# Exercise aim:
Your copy of the entries must be exact, and it must not include the pictures.

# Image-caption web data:

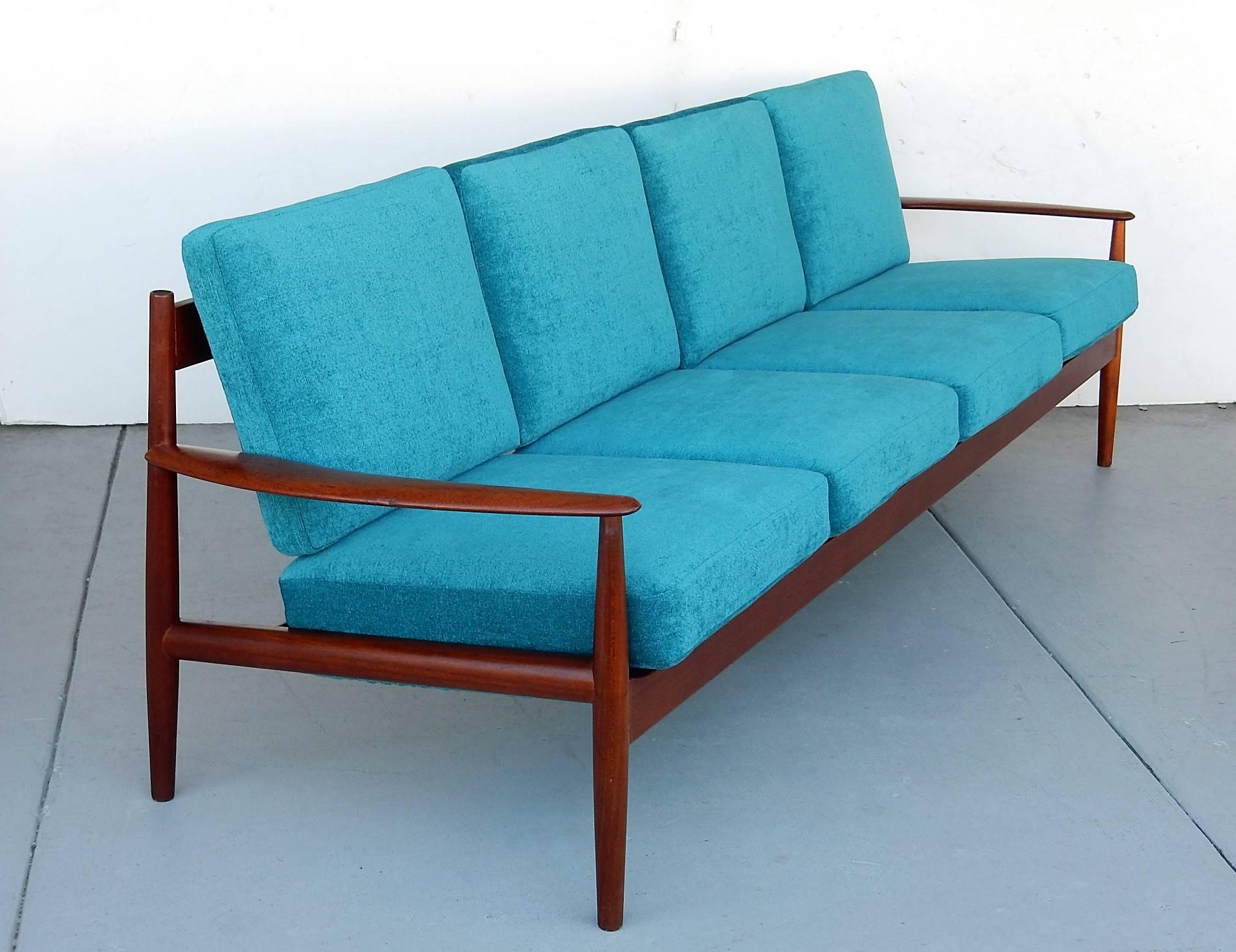 An early example of the Classic Grete Jalk sofa. Solid teak frame with new turquoise chenille upholstery. Retains the original spring cushions.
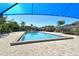 Community pool under a shade structure, featuring crystal-clear water, inviting seating, and lush landscaping at 2103 Harbourside Dr # 1102, Longboat Key, FL 34228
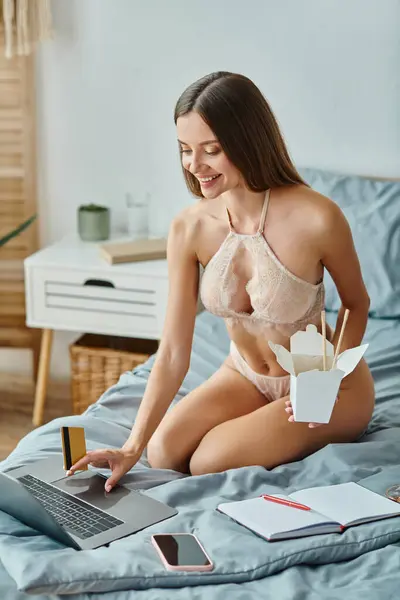 Jovem alegre em lingerie segurando caixa de macarrão e pagando com cartão de crédito na internet — Fotografia de Stock
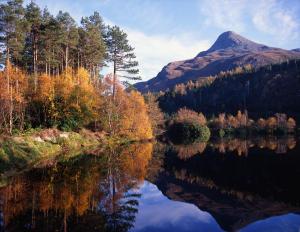 a view of a lake with a mountain in the background at The Glencoe Inn in Glencoe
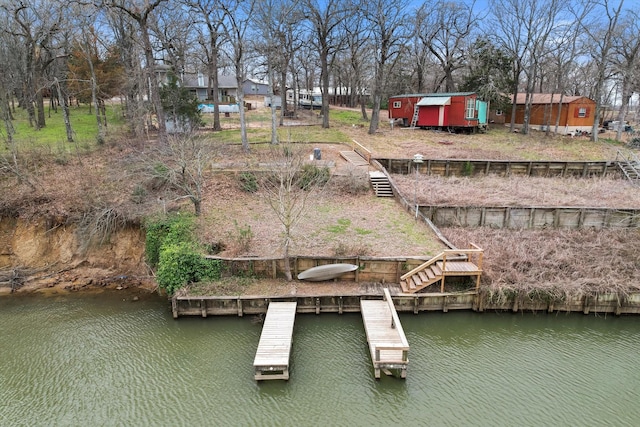 dock area featuring a water view and stairs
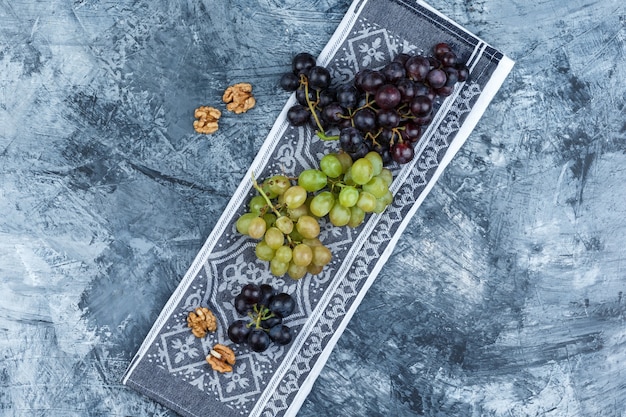 Free photo set of walnuts and grape bunches on grunge and kitchen towel background. flat lay.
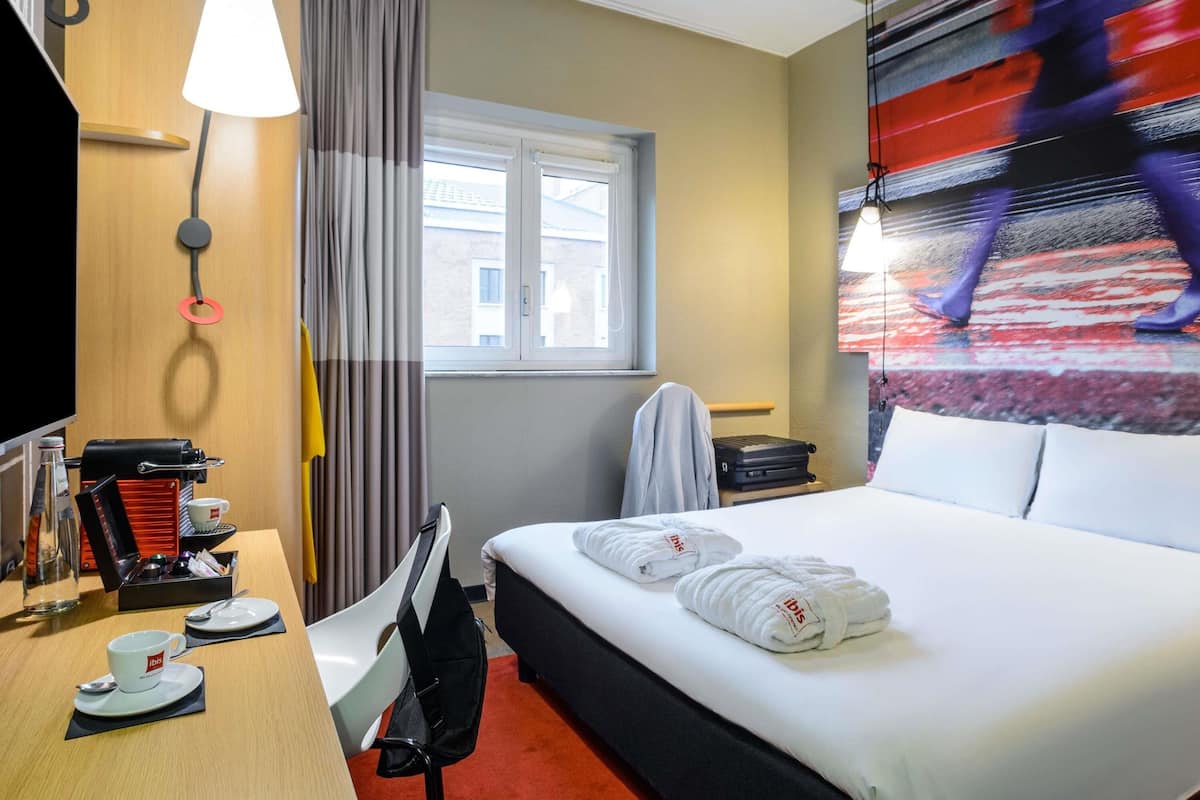 A hotel room with a bed, a desk with a coffee maker, a chair, a window, and a painting on the wall.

# Solution:
 An early example of the Classic Grete Jalk sofa. Solid teak frame with new turquoise chenille upholstery. Retains the original spring cushions.
 Community pool under a shade structure, featuring crystal-clear water, inviting seating, and lush landscaping at 2103 Harbourside Dr # 1102, Longboat Key, FL 34228
 Jovem alegre em lingerie segurando caixa de macarrão e pagando com cartão de crédito na internet — Fotografia de Stock
 a view of a lake with a mountain in the background at The Glencoe Inn in Glencoe
 dock area featuring a water view and stairs
 Free photo set of walnuts and grape bunches on grunge and kitchen towel background. flat lay.
 A hotel room with a bed, a desk with a coffee maker, a chair, a window, and a painting on the wall.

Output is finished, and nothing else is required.